Nonetheless, a lexer abstraction may be achieved by defining a core set of lexing combinators that convert input to tokens, and then defining the parsing combinators in terms of these. The parsers defined using Lexer construct these lexing combinators, which creates a clear and logical separation from the rest of the parser.

It is possible that some of the implementations of parsers found within this class may have been hand-optimised for performance: care will have been taken to ensure these implementations precisely match the semantics of the originals.

Synopsis

Lexing

data Lexer Source #

A lexer describes how to transform the input string into a series of tokens.

mkLexer Source #

Arguments

:: LexicalDesc

The description of the lexical structure of the language.

-> Lexer

A lexer which can convert the input stream into a series of lexemes.

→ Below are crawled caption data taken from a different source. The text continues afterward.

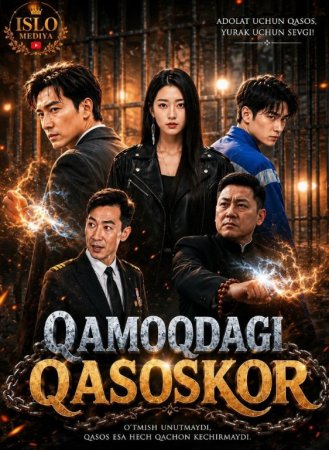 Qamoqdagi qasoskor 1-2-3-5-7-10-20-30-50-60-70-80-90-qism drama Koreya seriali uzbek tilida Barcha qismlar 2026 dorama HD skachat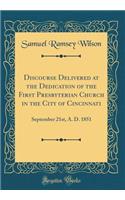 Discourse Delivered at the Dedication of the First Presbyterian Church in the City of Cincinnati: September 21st, A. D. 1851 (Classic Reprint)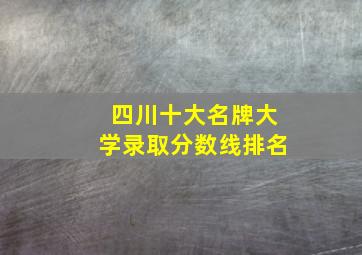 四川十大名牌大学录取分数线排名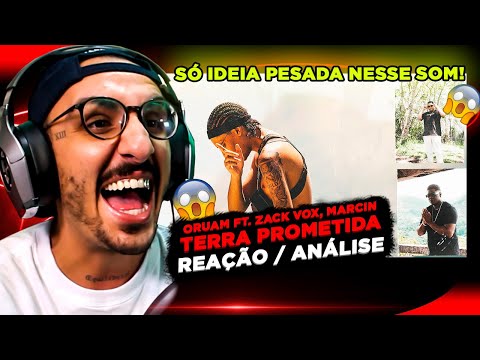 ORUAM - TERRA PROMETIDA FT. ZACK VOX, MARCIN [REAÇÃO/ ANÁLISE]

Create a Lexer with a given description for the lexical structure of the language.

mkLexerWithErrorConfig Source #

Arguments

:: LexicalDesc

The description of the lexical structure of the language.

-> ErrorConfig

The description of how to process errors during lexing.

-> Lexer

A lexer which can convert the input stream into a series of lexemes.

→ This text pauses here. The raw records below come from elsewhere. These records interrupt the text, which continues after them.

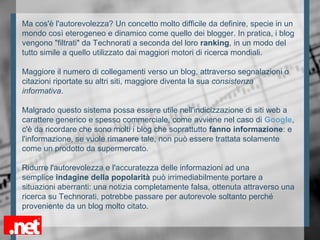 Ma cos'è l'autorevolezza? Un concetto molto difficile da definire, specie in un
mondo così eterogeneo e dinamico come quello dei blogger. In pratica, i blog
vengono "filtrati" da Technorati a seconda del loro ranking, in un modo del
tutto simile a quello utilizzato dai maggiori motori di ricerca mondiali.
Maggiore il numero di collegamenti verso un blog, attraverso segnalazioni o
citazioni riportate su altri siti, maggiore diventa la sua consistenza
informativa.
Malgrado questo sistema possa essere utile nell'indicizzazione di siti web a
carattere generico e spesso commerciale, come avviene nel caso di Google,
c'è da ricordare che sono molti i blog che soprattutto fanno informazione: e
l'informazione, se vuole rimanere tale, non può essere trattata solamente
come un prodotto da supermercato.
Ridurre l'autorevolezza e l'accuratezza delle informazioni ad una
semplice indagine della popolarità può irrimediabilmente portare a
situazioni aberranti: una notizia completamente falsa, ottenuta attraverso una
ricerca su Technorati, potrebbe passare per autorevole soltanto perché
proveniente da un blog molto citato.
 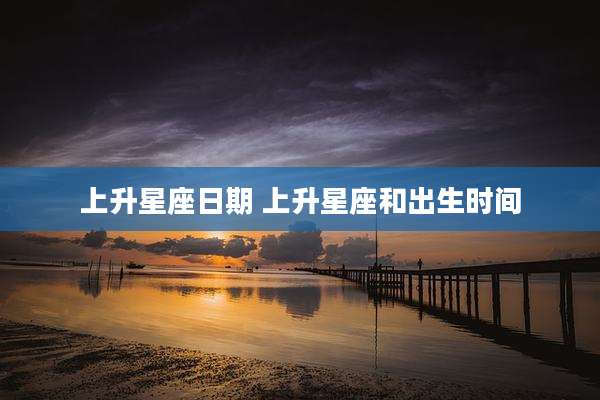 上升星座日期 上升星座和出生时间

Create a Lexer with a given description for the lexical structure of the language, which reports errors according to the given error config.

Lexemes and Non-Lexemes

A key distinction in lexers is between lexemes and non-lexemes:

  • lexeme consumes whitespace. It should be used by a wider parser, to ensure whitespace is handled uniformly. The output of lexeme can be considered a token as provided by traditional lexers, and can be used by the parser.
  • nonlexeme does not consume whitespace. It should be used to define further composite tokens or in special circumstances where whitespace should not be consumed. One may consider the output of nonlexeme to still be in the lexing stage of parsing, and not necessarily a valid token.

Lexemes

Ideally, a wider parser should not be concerned with handling whitespace, as it is responsible for dealing with a stream of tokens. With parser combinators, however, it is usually not the case that there is a separate distinction between the parsing phase and the lexing phase. That said, it is good practice to establish a logical separation between the two worlds. As such, lexeme contains parsers that parse tokens, and these are whitespace-aware. This means that whitespace will be consumed after any of these parsers are parsed. It is not required that whitespace be present.

lexeme :: Lexer -> Lexeme Source #

This contains parsers for tokens treated as "words", such that whitespace will be consumed after each token has been parsed.

Non-Lexemes

Whilst the functionality in lexeme is strongly recommended for wider use in a parser, the functionality here may be useful for more specialised use-cases. In particular, these may for the building blocks for more complex tokens (where whitespace is not allowed between them, say), in which case these compound tokens can be turned into lexemes manually.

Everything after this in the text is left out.